Most females obtaining a tubal ligation do so as a means for a more permanent solution and have no intention of a future pregnancy. That being said, approximately 14% of those females who undergo this procedure seek tubal reversal surgery at some point down the road.

What Exactly is a Tubal Reversal

In short, tubal reversal surgery is a procedure that undoes the tubal ligation. The procedure reopens, unblocks or reconnects your fallopian tubes, making a path so egg and sperm meet and fertilization occurs.

The surgery takes place in a hospital and is typically a day surgery or outpatient procedure. Depending on the type of tubal ligation performed your doctor may opt for a mini-laparotomy in which the physician makes a small incision at your bikini line and performs the procedure reconnecting or unblocking your fallopian tubes with the assistance of a microscope.

Your doctor assesses your tubal ligation immediately prior to surgery. If your doctor finds its possible reconstruction and repair of your tubes begins. If tubal reversal is not an option, your doctor meets with you after recovery and discusses your other options for pregnancy.
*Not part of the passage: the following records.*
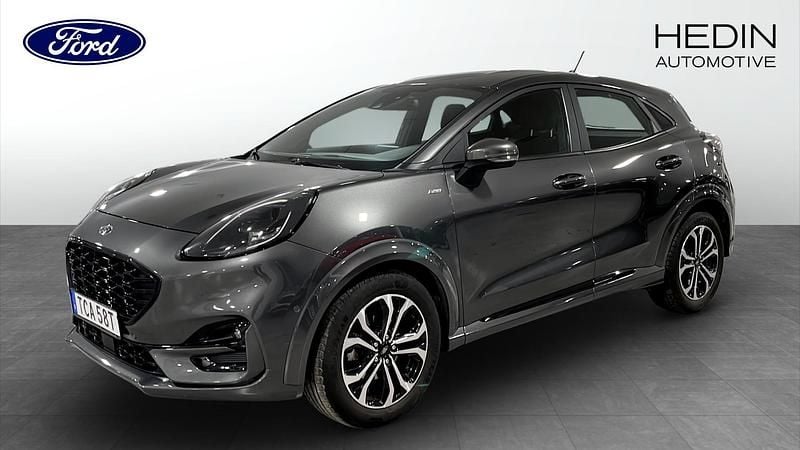 Grå Begagnad 2021 Ford Puma ST-Line SUV | 194 000 kr (Marknadspris) - Bild 1/4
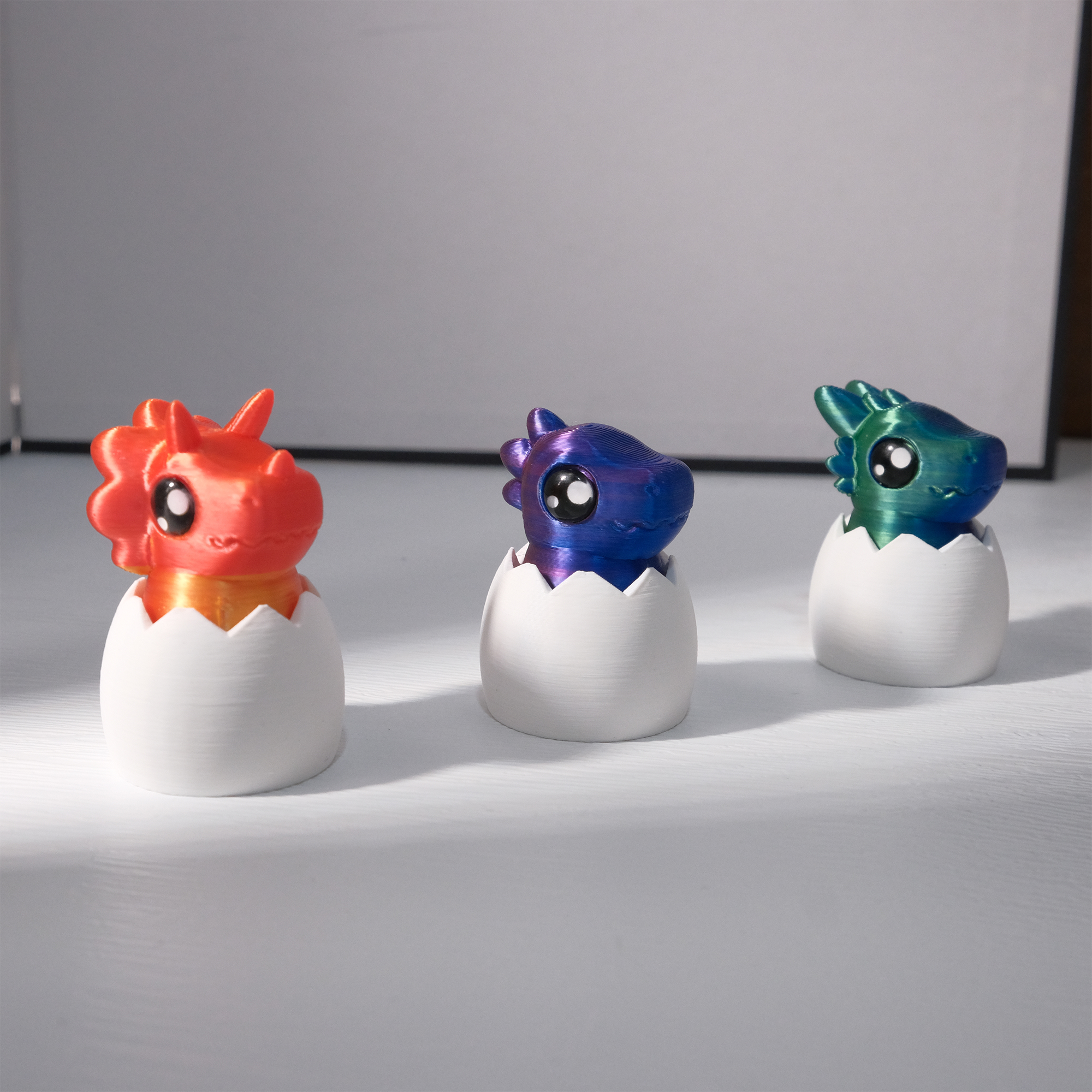 1PC 3D Printed Dinosaur Egg Fidget Figure, Cute Pressable Dino Hatchling Desk Toy, Mini Interactive Collectible Ornament, 3 Colors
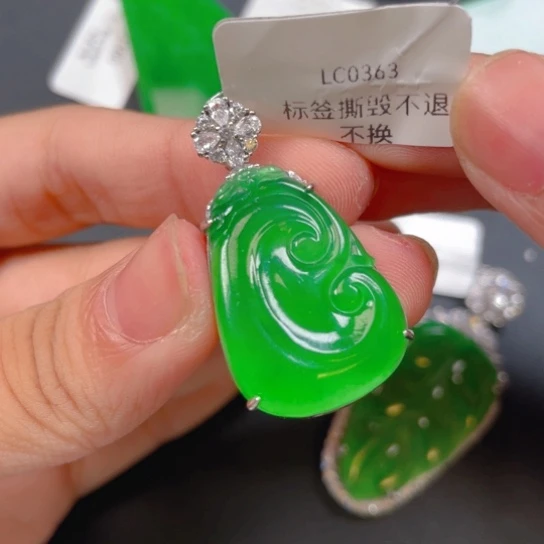 【闪购商品】颈饰银S925镶嵌翡翠翡翠
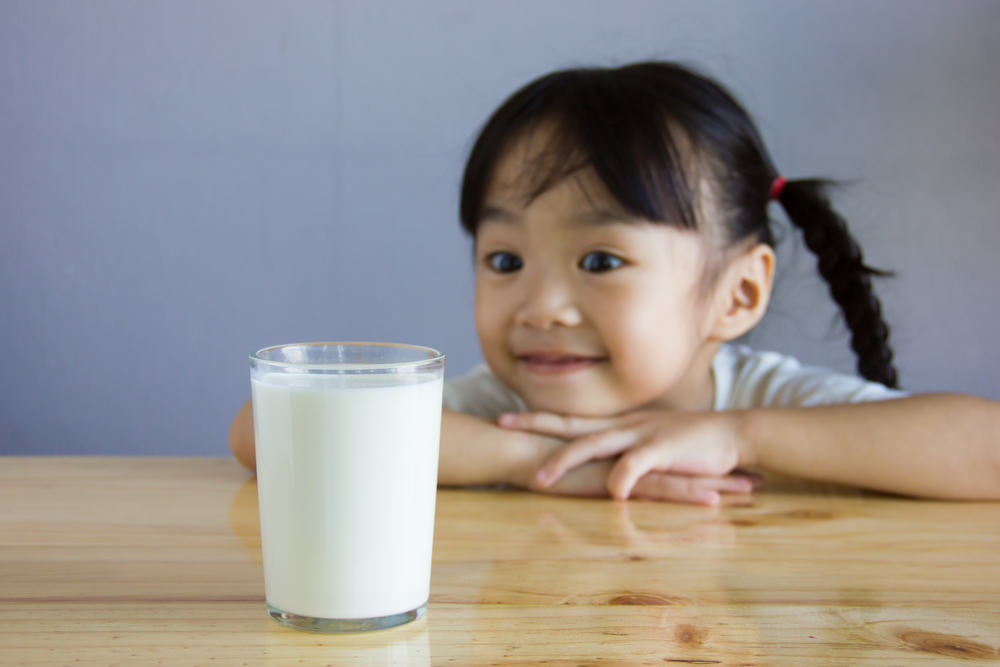 Alternatīvs piens bērniem ar alerģiju govs pienam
You’ll be under anesthesia so you won’t feel any pain and post procedure your doctor prescribes medication to ease recovery. You may continue your daily activity within a few days when soreness subsides.


The Best Candidates for Tubal Reversal and What Rules Out the Procedure

Sometimes tubal reversal surgery isn’t an option. You may not be a good candidate if your tubal ligation involved clamping the tubes or tying them off using rings. The likelihood for success is far greater than if your doctor performed the tubal ligation using electrocautery (cauterization).

Another indication tubal reversal isn’t possible happens when the length of your tubes prohibits reconstruction. In order for reconnection your doctor needs healthy tubes of adequate length. Some tubal ligation procedures don’t leave enough healthy tube tissue for reversal or the tubes become degraded over time. Prior to 2012 some doctors blocked the fallopian tubes using a device inserted through the vagina. If your doctor used this type of device for your tubal ligation, tubal reversal isn’t possible.

The best candidates are those for whom pregnancy is a viable option after reversal surgery. Of course there are other factors involved including:

Age: A female is born with all of the eggs they’ll ever have. Your odds of pregnancy decrease naturally as you age. Those females in the 20 – 30 year age bracket have the most likelihood for conception. After 30 your ovarian reserve (the number of eggs you have) diminishes and the closer to menopause you are the fewer viable eggs you maintain.

Other Fertility Issues: Endometriosis, PCOS, uterine fibroids and many other conditions impeding your fertility reduce your odds for pregnancy after tubal reversal.

Your Partner’s Reproductive Health: If your partner is infertile or has issues with impacting the health of their sperm pregnancy may not occur even after a tubal reversal.


Success Rates of Tubal Reversal and Other Options

The success rate of tubal reversal surgery? According to the NIH, one study showed an average of 52%-75% success for pregnancy after tubal reversal. Most couples conceive within the first one to two years following tubal reversal. Doctors advise against trying to conceive, however, until the female has two menstrual cycles.

If your doctor determines you aren’t a candidate for tubal reversal, you still have options. One of the most successful ways to conceive after a tubal ligation is through IVF. While IVF is more complex than tubal reversal it has a very high success rate. Should you decide you simply don’t want the tubal reversal surgery IVF is a valid alternative.